Launch T – 6 Days

Today the focus of the blog post will be on the flight termination system (FTS) of the Stratos III rocket. We decided to tell you more about this component as just today we found out the delivery of FTS is delayed which significantly influences our plans for the launch. We initially planned to launch the rocket on the 18th of July but we are now forced to move the first launch attempt to the 24th of July at 20:00 CEST.

A digital model of the engine bay including the FTS.

The flight termination system is located in the engine bay which is the section between the oxidizer tank and the combustion chamber of the rocket. Although the FTS system is a very small system of the launcher in terms of size, it is of utmost importance to ensure a safe flight for Stratos III. During the flight we will constantly monitor the rocket. We can see its exact location with radar and have visual tracking to we can see how the flight is going. To make sure that our flight is safe a large part of the sea and airspace are closed off, meaning that no boats or airplanes are allowed in this area. This area is called the safety zone. The size of the safety zone is based on simulations which take into account different wind conditions.

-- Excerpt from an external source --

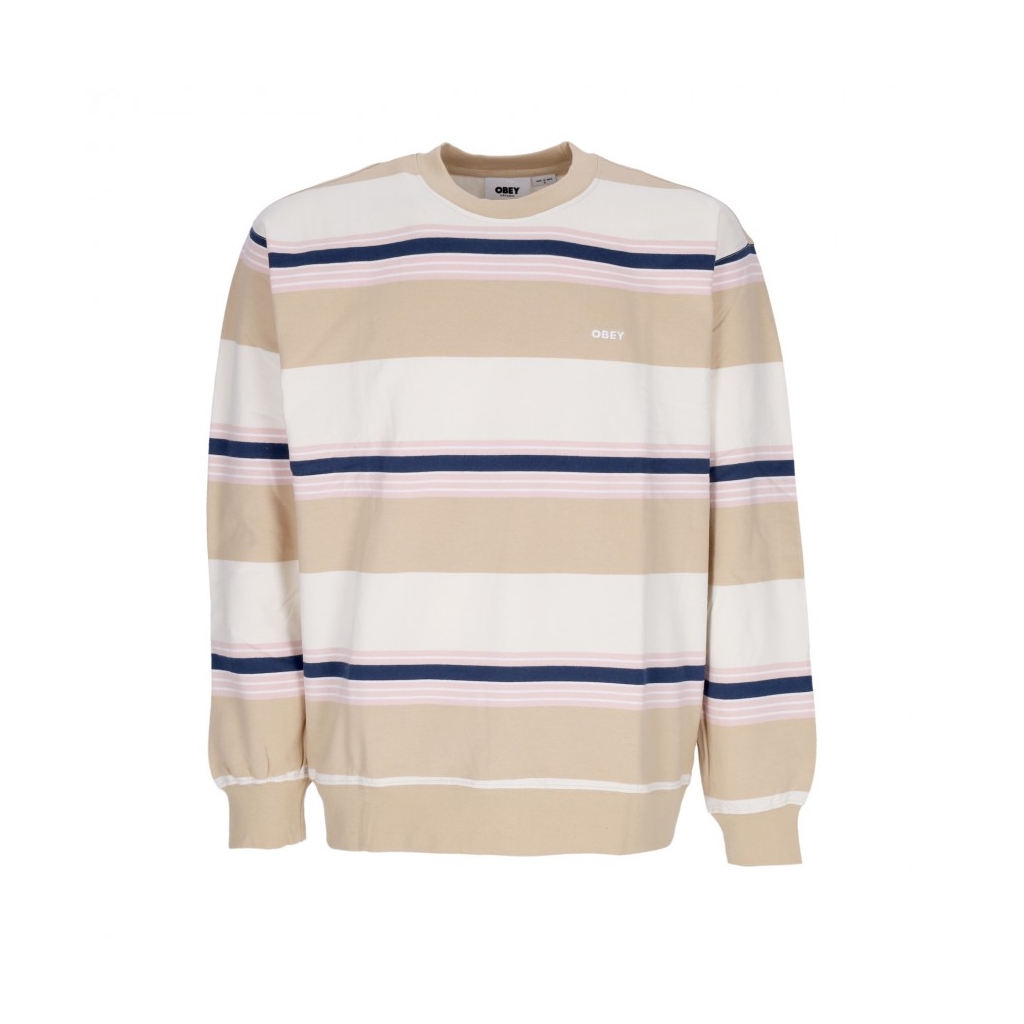 felpa girocollo uomo ender stripe crew specialty fleece IRISH CREAM MULTI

When we see on the radar that the rocket goes off course and could fly outside of the zone, a signal is send from the ground station to the rocket. When this signal is received, a cord in the engine bay separates the engine from the rest of the rocket and breaks the vehicle into pieces, ending the flight prematurely. After this, parts of the rocket will tumble down and land within the safety zone in the Atlantic Ocean.

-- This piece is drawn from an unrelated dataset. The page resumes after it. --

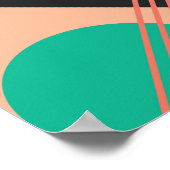 Poster Conception de Motif géométrique rétro (Coin)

Stratos III electronics team working on the flight termination system antennas.

As you might think, a system like the FTS must be extremely reliable. The type of system we use on the Stratos III is very similar to systems used on the rockets by NASA. The two antennas that are sticking out of the rocket are the FTS antennas that receive the signal from the ground and give it to the receiver. As the radio signals cannot be transmitted through the carbon fiber fincan, the antennas are sticking out of the side of the rocket.

The antennas and receiver system were tested successfully on Thursday, remarking another milestone in the project. With the flight termination system in the rocket, locals living close to the launch base or sea traffic can watch and enjoy the launch of Stratos III without any worries.